Having accomplished their aim in sacking Troy, the Greeks now had to face the problem of getting back to their various kingdoms. This was a problem, for the gods had scores to settle with many Greeks. Soon after the Greeks set sail a fierce storm arose that blew much of the Greek fleet far off course.
Of those who went by ship Agamemnon was one of the few that escaped the storm and reached home easily. But immediately upon his return Agamemnon's wife, Clytemnestra, and her lover, Aegisthus, slew him and his followers, including Cassandra, at the banquet table. Clytemnestra had never forgiven her husband for sacrificing Iphigenia.

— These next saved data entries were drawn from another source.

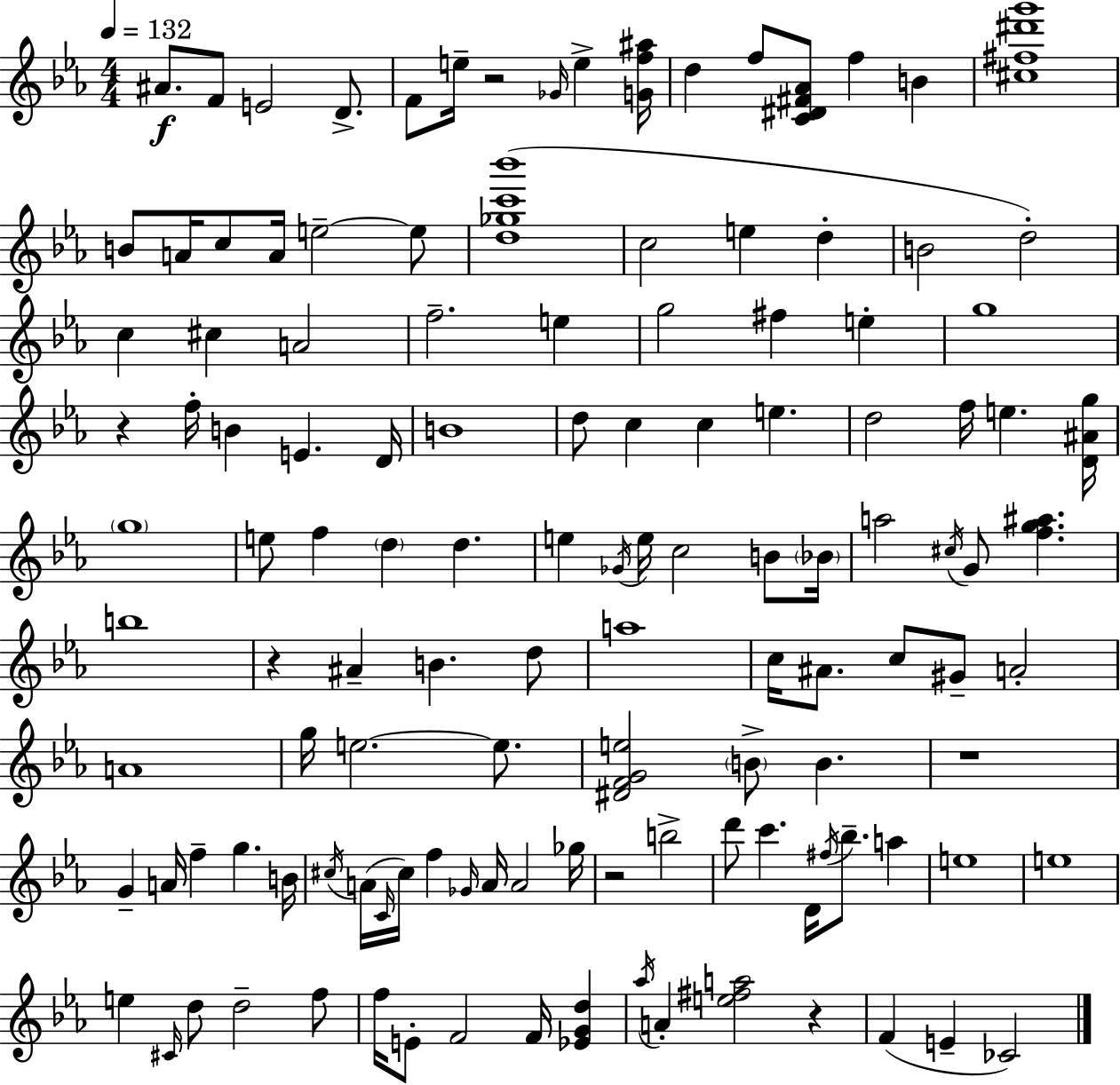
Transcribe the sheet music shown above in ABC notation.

X:1
T:Untitled
M:4/4
L:1/4
K:Cm
^A/2 F/2 E2 D/2 F/2 e/4 z2 _G/4 e [Gf^a]/4 d f/2 [C^D^F_A]/2 f B [^c^f^d'g']4 B/2 A/4 c/2 A/4 e2 e/2 [d_gc'_b']4 c2 e d B2 d2 c ^c A2 f2 e g2 ^f e g4 z f/4 B E D/4 B4 d/2 c c e d2 f/4 e [D^Ag]/4 g4 e/2 f d d e _G/4 e/4 c2 B/2 _B/4 a2 ^c/4 G/2 [fg^a] b4 z ^A B d/2 a4 c/4 ^A/2 c/2 ^G/2 A2 A4 g/4 e2 e/2 [^DFGe]2 B/2 B z4 G A/4 f g B/4 ^c/4 A/4 C/4 ^c/4 f _G/4 A/4 A2 _g/4 z2 b2 d'/2 c' D/4 ^f/4 _b/2 a e4 e4 e ^C/4 d/2 d2 f/2 f/4 E/2 F2 F/4 [_EGd] _a/4 A [e^fa]2 z F E _C2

Menelaus had resolved to kill Helen when he found her in Troy, but on seeing her naked breasts he lost his determination and took her again as his wife. After offending Athena, Menelaus and Helen were caught in the storm, lost most of their ships, and were blown to Crete and Egypt. Unable to return to Sparta because of adverse winds, Menelaus began trading. Eight years later he wrested the secret of getting home from the prophetic sea god Proteus, master of changes. And having propitiated Athena, Menelaus was able to sail to Sparta with Helen, returning a rich man. When the two of them died they went to the Isles of the Blessed, being favored relations of Zeus.

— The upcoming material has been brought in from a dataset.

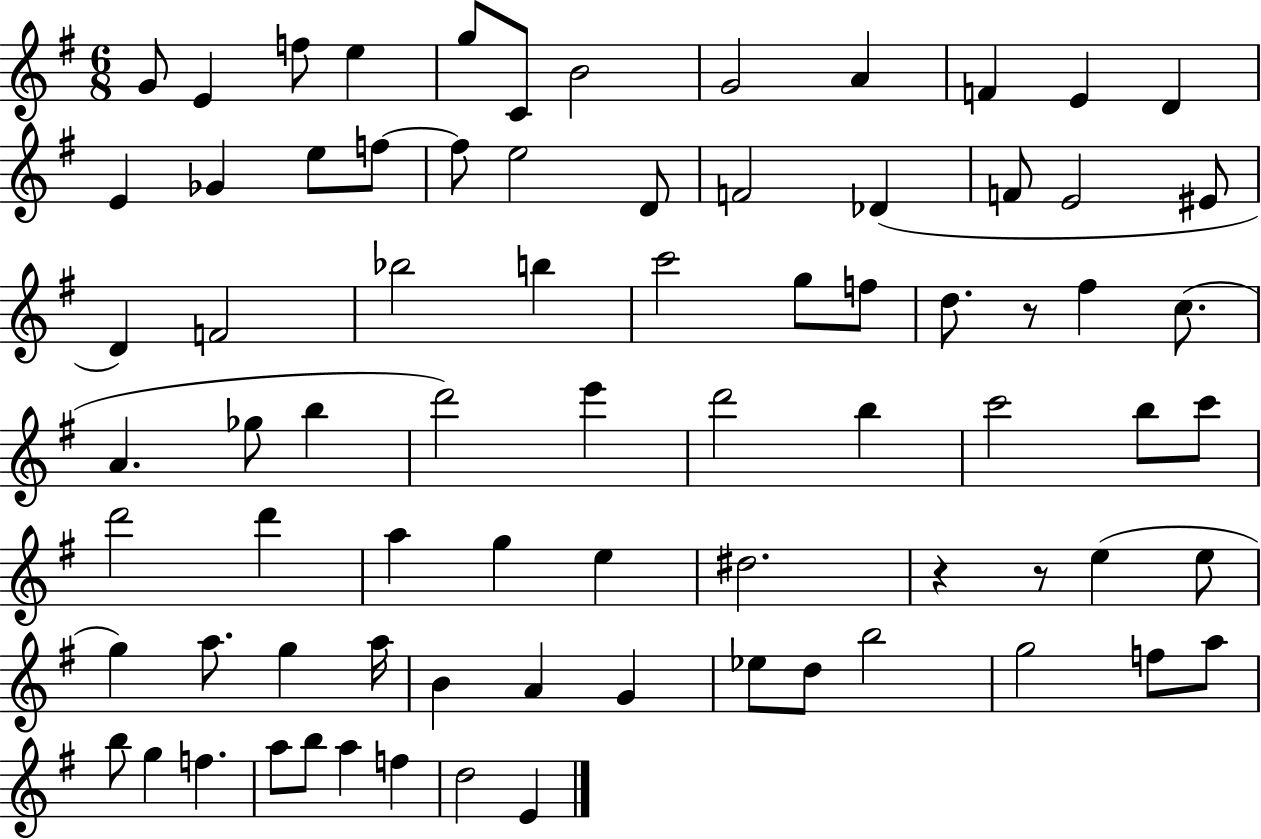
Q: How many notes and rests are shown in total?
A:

The lesser Ajax, who had raped Cassandra in the temple of Athena while plundering Troy, was shipwrecked on his way home. Scrambling onto the rocks, he rejoiced at having escaped the vengeance of the gods. But Poseidon split the rock to which he clung and drowned him. Athena then exacted an annual tribute of two maidens from Ajax's fellow Locrians to be sent to Troy.
Bitterly resentful of the Greeks, Nauplius caused many of their ships to smash on the Euboean coast by lighting a deceptive beacon. Philoctetes, who still nursed a grudge against the Greeks for their shabby treatment of him, did not return to Greece but sailed to Italy, where he founded two cities.
The prophet Calchas made it to Colophon, where he met the seer Mopsus. He engaged Mopsus in a contest of prophecy, which he lost. Calchas then died.
Achilles' son Neoptolemus had established himself as a valiant fighter at Troy. Warned against ruling his home kingdom, he went instead to Epirus and became the Molossian king. Neoptolemus went to Delphi to demand retribution from Apollo, who had helped kill his father. When the priestess refused he robbed and burned the temple. Later he returned to Delphi, where he was killed in a dispute over sacrificial meat. The devotees of Apollo then erected a new temple over his grave.
Of all the Greeks only the wise Nestor sailed swiftly home and enjoyed the fruits of old age in peace, surrounded by stalwart sons. His virtues of prudence and piety had enabled him to live to see three generations of heroes.